YOUR GOAL: Transcribe exactly the line containing "this 250×188 image." plus every later line in the data.

DATASET RECORDS:

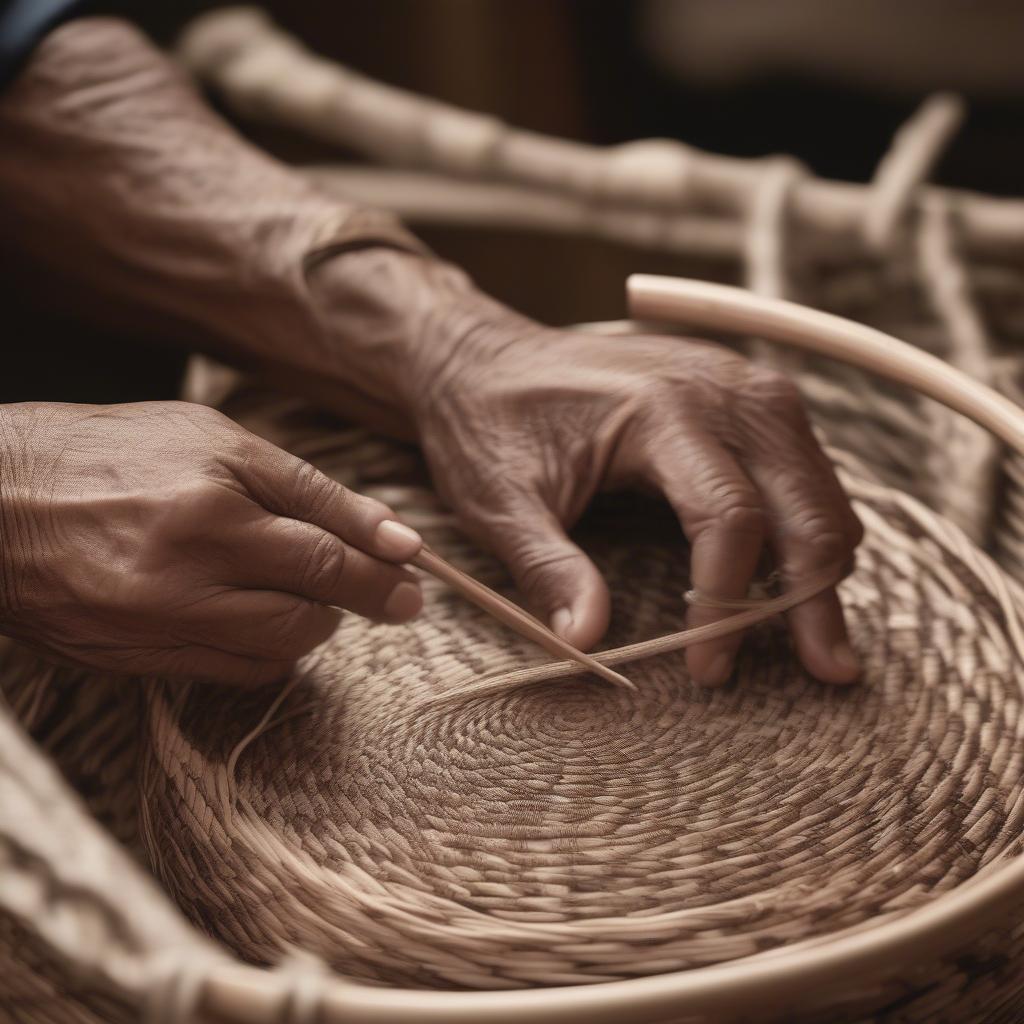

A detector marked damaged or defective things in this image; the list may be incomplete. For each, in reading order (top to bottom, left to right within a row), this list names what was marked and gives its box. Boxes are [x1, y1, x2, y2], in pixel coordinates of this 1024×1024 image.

bent rattan rim [170, 276, 1024, 1020]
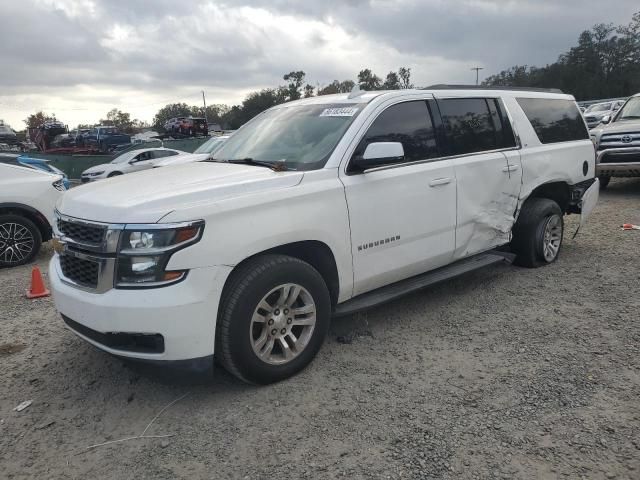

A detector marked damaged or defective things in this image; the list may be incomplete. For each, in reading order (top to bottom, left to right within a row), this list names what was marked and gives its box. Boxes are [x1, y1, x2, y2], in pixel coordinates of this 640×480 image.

exposed wheel well [0, 204, 51, 242]
damaged car [52, 87, 596, 382]
exposed wheel well [524, 182, 568, 214]
exposed wheel well [228, 240, 342, 308]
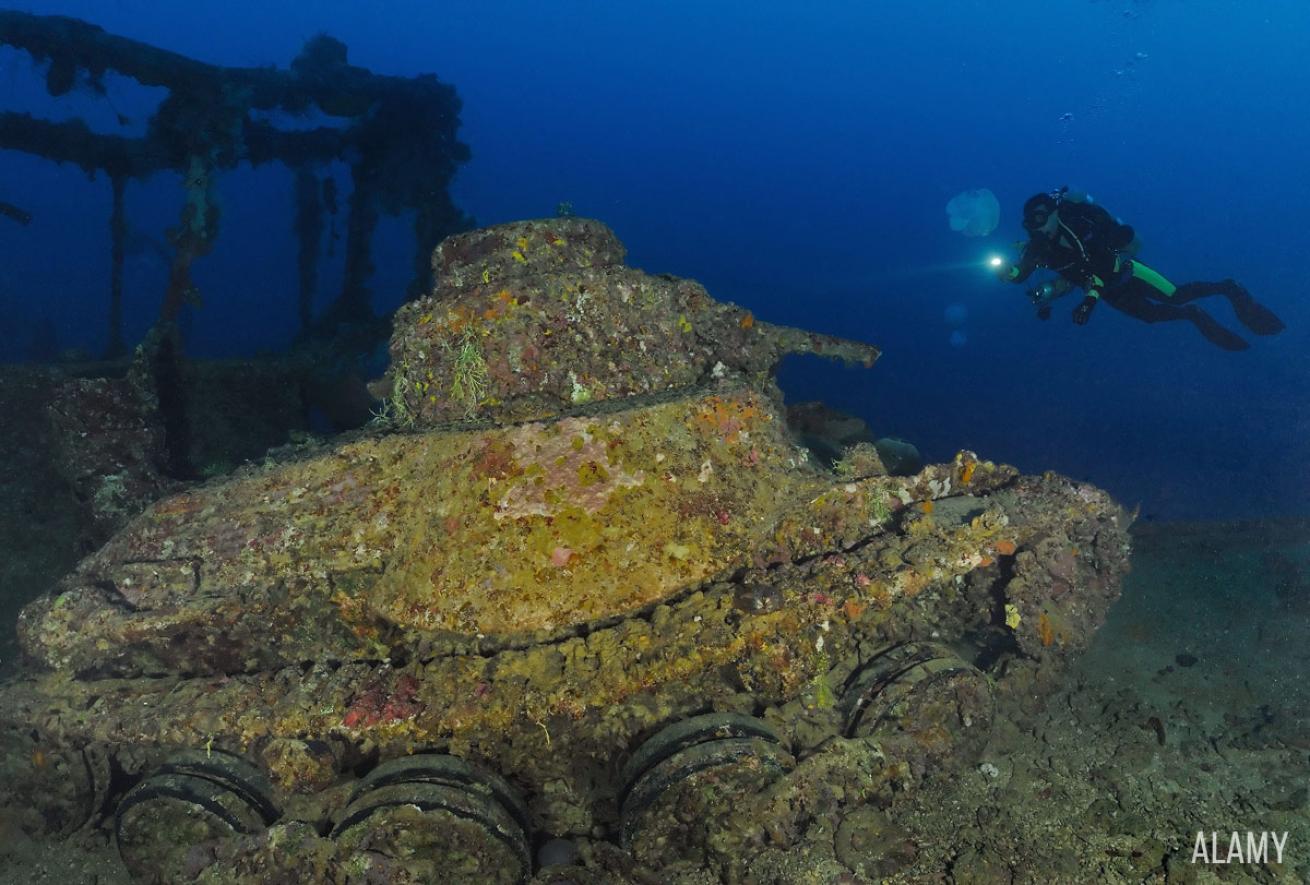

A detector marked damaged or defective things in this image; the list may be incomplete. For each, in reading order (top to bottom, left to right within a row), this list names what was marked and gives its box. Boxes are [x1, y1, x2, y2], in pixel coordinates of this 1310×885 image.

corroded framework [0, 10, 471, 353]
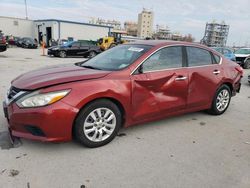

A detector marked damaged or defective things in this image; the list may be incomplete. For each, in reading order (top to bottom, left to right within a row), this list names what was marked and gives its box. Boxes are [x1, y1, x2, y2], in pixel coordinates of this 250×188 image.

damaged red car [2, 40, 243, 147]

ANSWER SPACE:
A detector marked damaged or defective things in this image; the list may be incomplete. For each, in reading order (top to bottom, left to right within a row), this list names what was marked and gives its box. Boxes are [x1, y1, x2, y2], in pixel coordinates of this 250×188 image.

damaged red car [2, 40, 243, 147]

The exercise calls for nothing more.